WORK REQUIRED —
Which lines run from the one containing "Blusa de lunares" through the end of the data? Write them out exactly, with the pictures left out.

(Image-text web data)
:::::

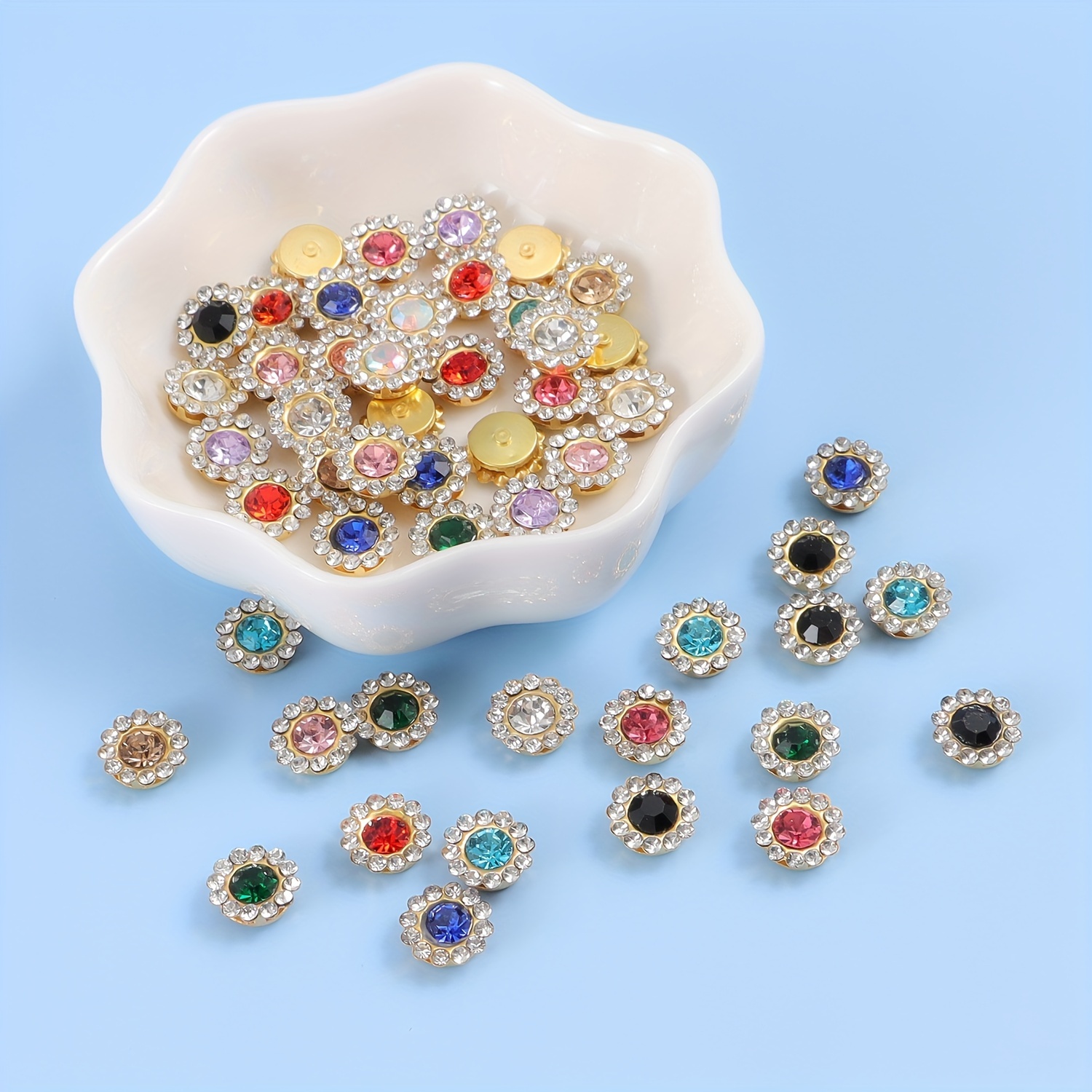 50pcs Rhinestones Flower Strass Crystal Sew On Rhinestones Little For  Needlework DIY Clothes Golden Color Claw Rhinestone Buttons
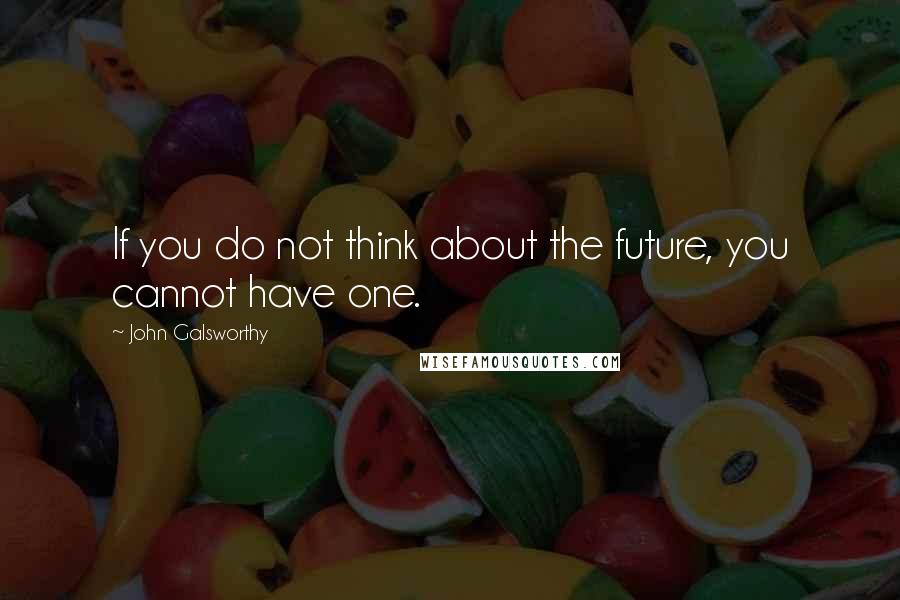 John Galsworthy Quotes: If you do not think about the future, you cannot have one.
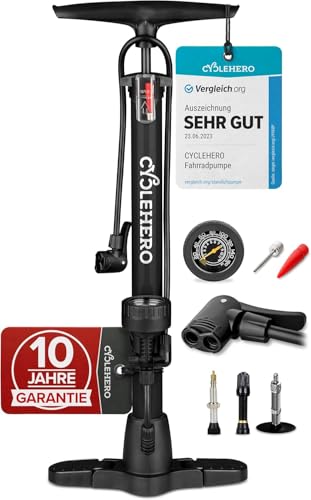 Standluftpumpe Cyclehero für alle Ventile – Hochdruckpumpe mit Manometer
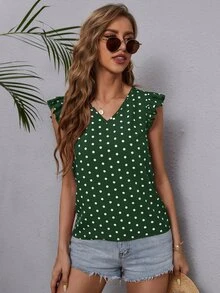 Blusa de lunares ribete con fruncido escote V - Verde Oscuro - Ver 3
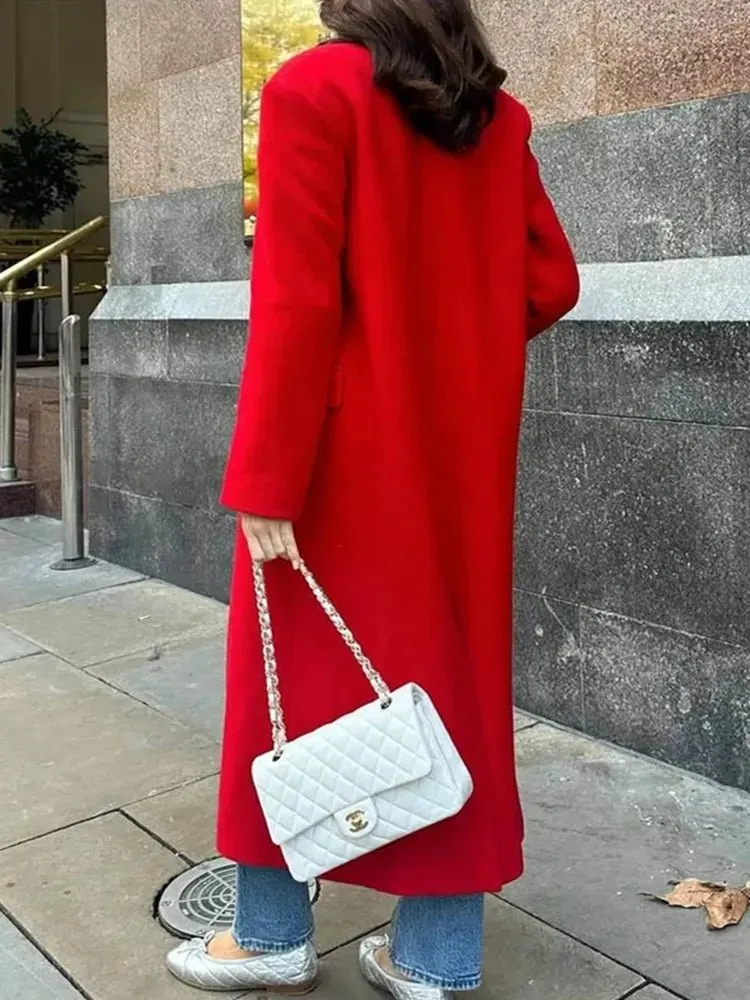 Women's Coats Red Long Coat Women Autumn Elegant Coats Woman Winter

:::::

EXERCISE RESPONSE —
 Blusa de lunares ribete con fruncido escote V - Verde Oscuro - Ver 3
 Women's Coats Red Long Coat Women Autumn Elegant Coats Woman Winter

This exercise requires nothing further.